It’s ironic that the new environmentally friendly mugs sport the phrase “Yale: Where blue is green.” Funnily enough, as Yale Dining pushes to become “greener,” it has cut out the most basic green of all — our salad bar.
In five colleges and Commons, the full salad bar has been removed, and replaced with a couple of pre-made salads. These salads aren’t bad — in fact many of them are quite good. However, especially because so many have meat products and are noodle based, they are not a suitable substitute for the array of fresh vegetables we used to have at every meal.

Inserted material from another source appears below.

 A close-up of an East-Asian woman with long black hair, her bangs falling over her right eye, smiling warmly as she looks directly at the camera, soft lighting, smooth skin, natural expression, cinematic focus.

For many students grumbling about the missing salad bars (including the 802 at press time in the “I would like a salad bar please” Facebook group) the issue is an issue of choice. We don’t need to have an “end” in mind when making our salads they say, mocking Executive Director of Yale Dining Rafi Taherian’s quote in the News earlier this month. We just want to be able to pick our vegetables.
But it’s more than just about giving students what they want, or even just giving students lots of options. Salad bars provide easy access to fresh fruits and vegetables and often provide an incentive to eat healthfully. In 2007, researchers at University of California-Los Angeles found implementing salad bars in schools increased produce consumption more than 20 percent. Based on these findings, the researchers suggest that “poor eating habits at school may in part be the fault of poor selection, not resistance to fresh food.”

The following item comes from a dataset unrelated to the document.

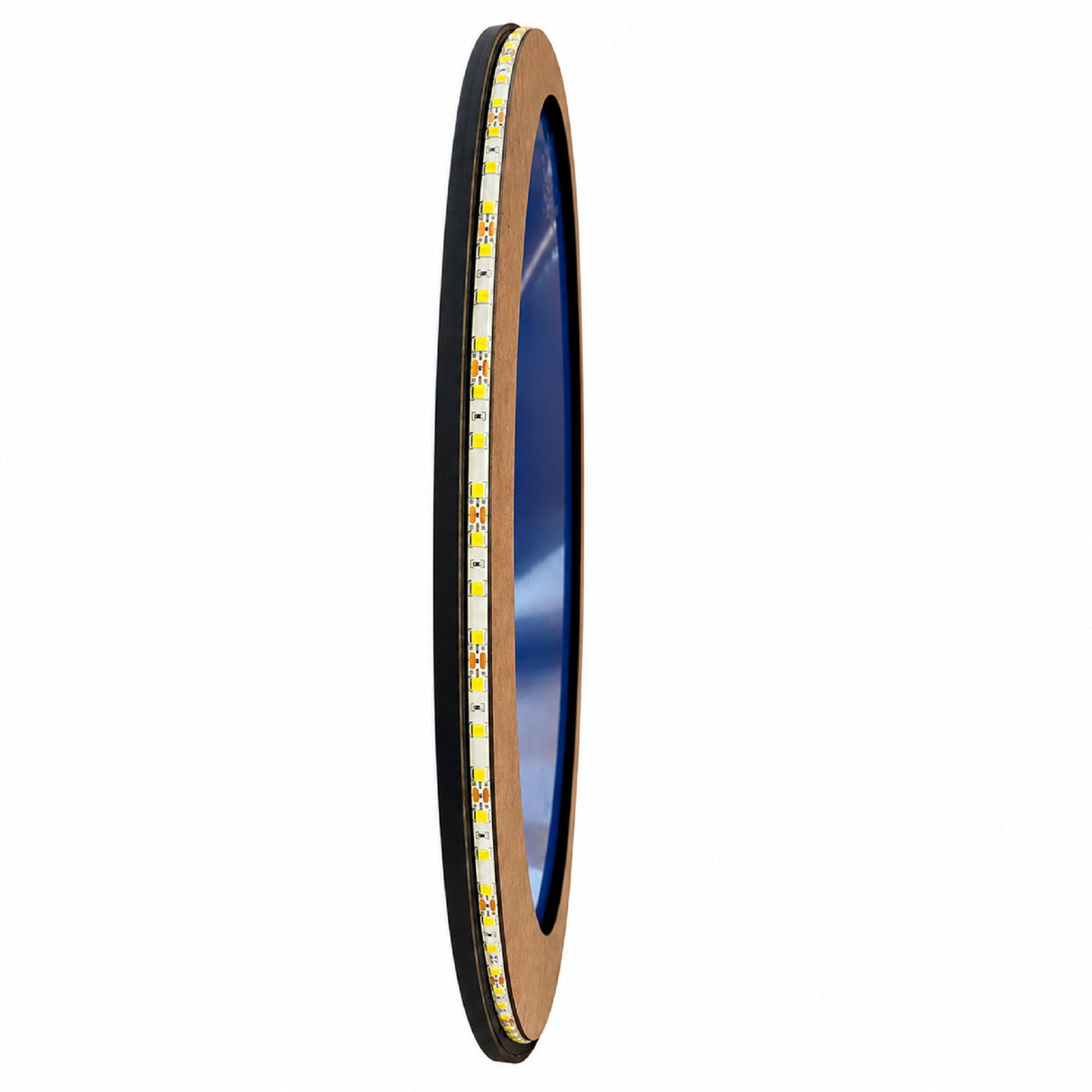 Espejo de Pared Led Negro 80x80cm Redondo Luz Cálida con Marco En Madera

And it’s especially important to encourage college students to eat fruits and vegetables; students our age rarely get enough. According to the 2007 American College Health Association’s National College Health Assessment, on average, college students only eat a couple of servings of fruit and vegetables each day, well under the five to nine servings recommended by the U.S. Department of Agriculture.
Dining halls should be places that promote healthy eating by making healthy options readily available. Each day they provide food to thousands of students, and thus have a unique ability to influence students’ eating habtis. Moreover, outside the dining hall, especially in a city without a supermarket, healthy options are often more difficult than other snacks to buy “on the go.” Produce tends to be more expensive, and salads, for instance, are much less convineint to eat on the run than cookies, chips or even a sandwich. Within the dining hall, when these options are not available, it becomes even easier to give in to cravings and choose the readily abundant cereals, baked goods, ice cream and bread.

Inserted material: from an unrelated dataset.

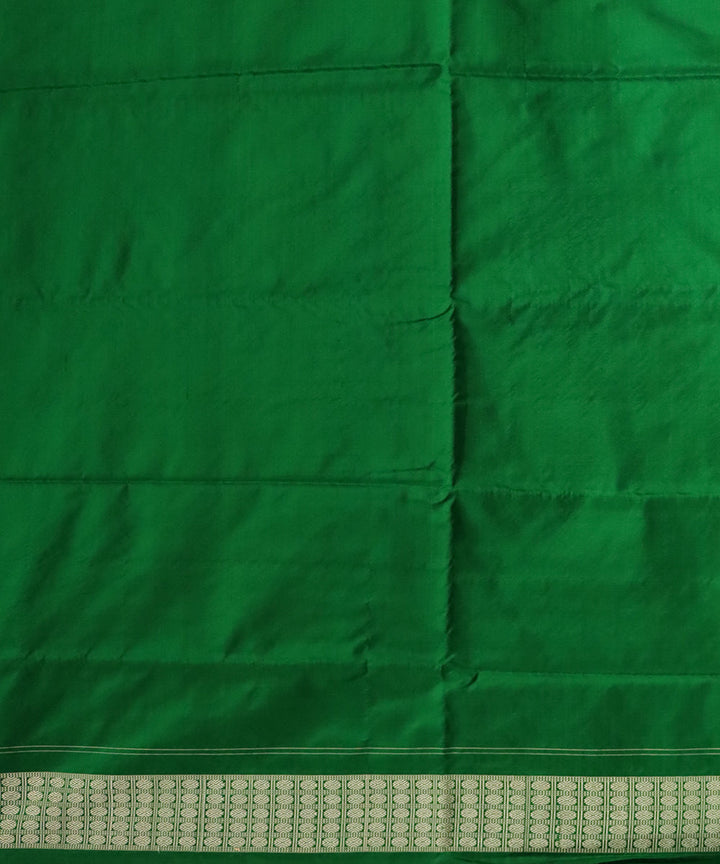 Orange deep moss green silk handloom sambalpuri saree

Even Yale Dining recognizes this tendency towards unhealthy eating and the need to encourage students to make better choices: Last spring, their “Wellness Information and Nutrition” flier stressed the importance of vegetables and leafy greens and said that dessert should be an occasional treat rather than an everyday fixture. Advocating for smaller plate sizes and vegetarian eating, it seemed to suggest that many students needed to change their eating habits.
But Yale Dining seems to have backed off this campaign for health. They have taken away one of the best tools to promote healthy eating. In addtion, desserts remain abundant (not that I’m complaining). Although it’s true that calorie count cards placed above many pre-cooked foods may make us think twice about what and how much we eat, they don’t have all the information: If students are choosing a 200 calorie half-slice of lasagna over a 200 calorie side salad, they sacrifice many nutrients. And there are not calorie cards for everything. In fact, the cards are often absent on the pre-made salad bar, making it difficult to judge just how healthy that “Apple Pecan Ranch Salad” or “Cauliflower Salad With Ricotta Salata” really is.
There have been lots of aspects of Yale Dining to complain about this year, but many of them — like the fact that the brunch hours changed during the first week of classes or that Durfee’s hasn’t had it’s usual late-night hours or that you can’t use a lunch swipe at Commons after 2:30 or take food out in a disposable cup — have just made life on the meal plan a bit inconvenient. Changes to the salad bar, however, have much more of an impact. It’s not just that Yale Dining’s choice — no matter how well-intentioned it was — seems to have ignored student input and trades choice for pre-made options.
When it comes to our salad bar, the nutrition of students, some of whom eat every meal in the dining hall, is at stake.
And while students have voiced their concerns about many of the issues, right now, what we want, and what we need, is fresh fruits and vegetables in our dining halls.
Rebecca Stern is a junior in Berkeley College.